アパートなど賃料収入のある財産の相続では、家賃収入は誰のものになるかということが問題になります。有効な遺言書があれば、遺言書によって指定された相続人が相続開始時から賃料を受け取ることができます。問題となるのは遺産分割を行う場合で、「相続開始前の賃料」、「相続開始後から遺産分割協議成立までの賃料」「遺産分割協議成立後の賃料」の3つで行き先が違ってきます。
遺産分割協議での賃料収入の帰属
相続開始前の賃料
相続開始月分までの賃料(未収賃料含む)は相続財産として遺産分割の対象になります。
相続開始後から遺産分割協議成立までの賃料
遺産分割協議が成立するまでの間、賃料を生む不動産は法定相続分で共有状態になります。共有状態から生じた賃料は、持分割合で各自単独で取得することになりますので、共同相続人が法定相続分により単独で取得します。

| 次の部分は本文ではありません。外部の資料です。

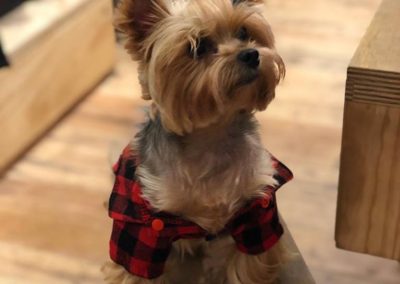 Dudley the Yorkie in Flannel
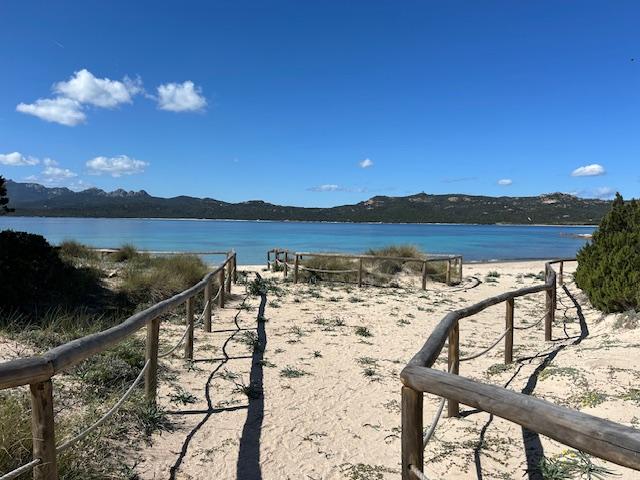 
	Le delimitazioni salva dune a Capriccioli

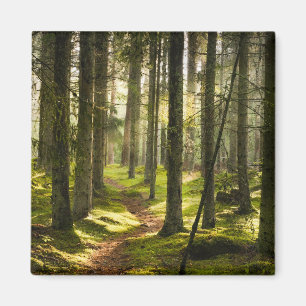 Aimant Forêt   Forêt boréale Suède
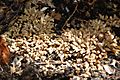 Cycas revoluta coralloid roots
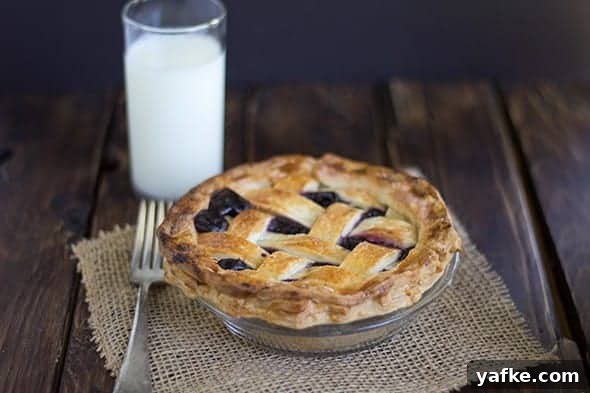 A pie with Concord Grape Pie Filling on a plate.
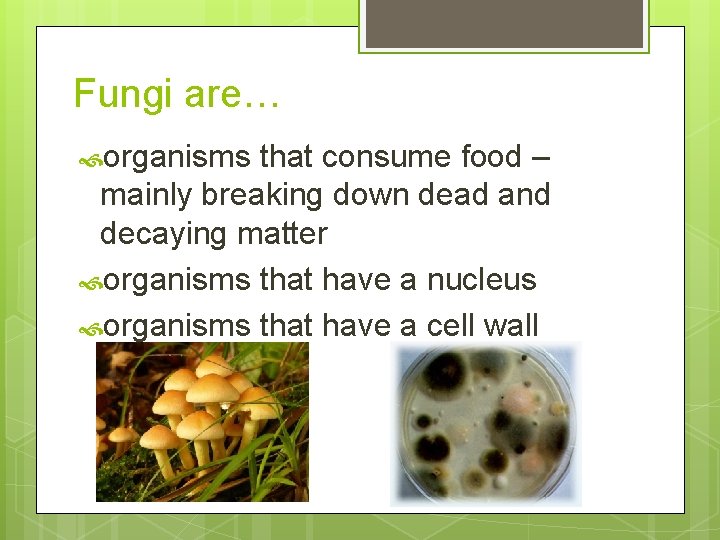 Fungi are… organisms that consume food – mainly breaking down dead and decaying matter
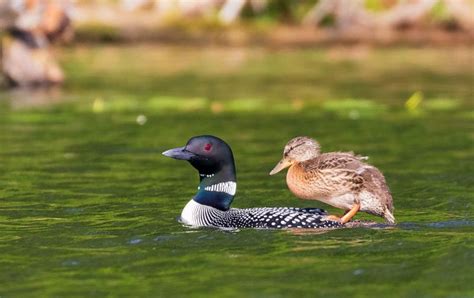 Loon couple that lost its chick takes orphaned duckling under its wings - Good Morning America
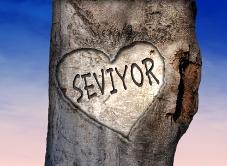  Seviyor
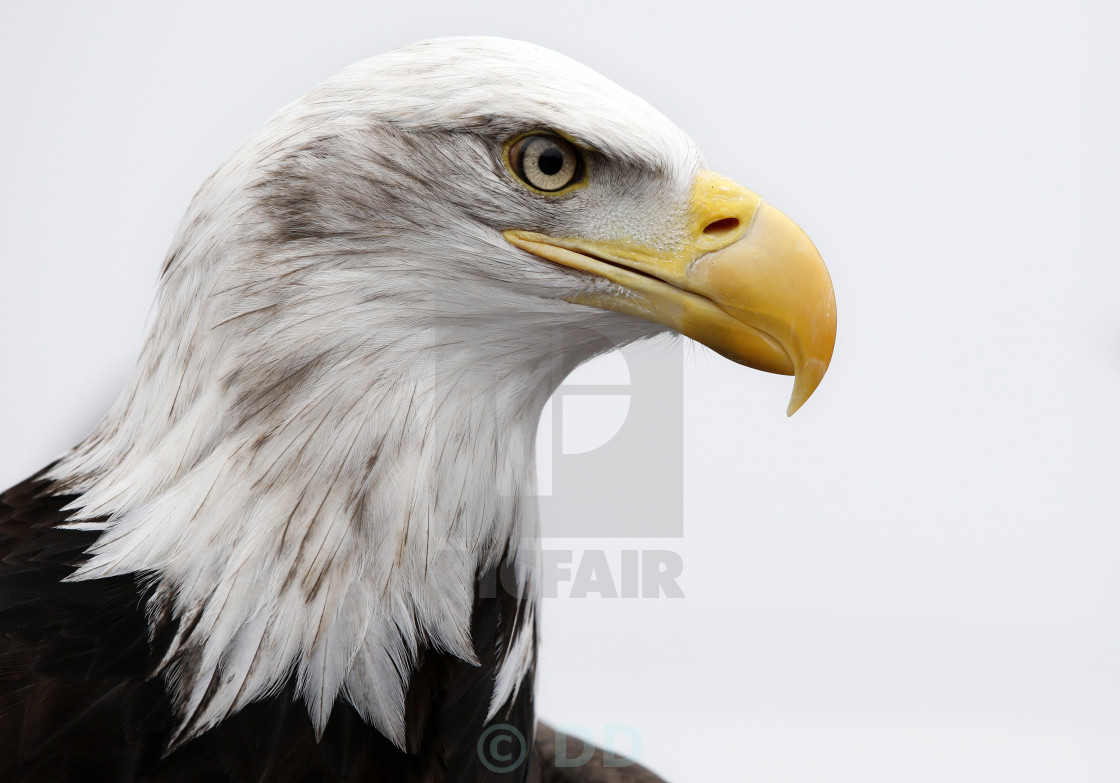 "Bald Eagle" stock image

民法では、遺産分割は相続開始後に遡って効力を生じると定められていますが、相続開始後の賃料の帰属については遺産分割の影響は受けないという最高裁の判決があります。つまり相続開始から遺産分割時までに生じた賃料は賃貸不動産を相続した人は法定相続分以外は取得しないことになります。
遺産分割成立後の賃料収入
遺産分割成立後は当該取得者が全て取得することになります。遺産分割により共有から単独所有になるためです。
相続不動産の賃料収入の各種手続き
賃料の清算方法
共有者が持分に応じて単独で取得するといっても、賃借人は指定された銀行口座に一括で振り込みするのが一般的です。金額が多ければ都度清算してもいいですし、相続発生後から遺産分割成立までの賃料は相続財遺産ではありませんが、相続人全員が同意すれば遺産分割手続きで一緒に清算する場合も多くあります。
賃料収入の確定申告
相続発生前の賃料収入は被相続人の準確定申告を行います。遺産分割を行う場合の相続発生後から遺産分割成立までの家賃収入は、各相続人の法定相続分での収入として、各自が確定申告しなければなりません。賃料収入が多い場合や協議が長引いている場合は分割協議成立前に都度清算すると安心です。
賃料を清算してくれない場合の訴訟
相続発生後の賃料は相続財産ではありませんので、清算してくれないなどのトラブルは家庭裁判所で扱うことができません。民事訴訟を提起する必要があります。
ここまで一般的な内容の説明をしてきましたが、税務申告や清算トラブルなどの個別相談は早めに税理士や弁護士にしたほうがいいでしょう。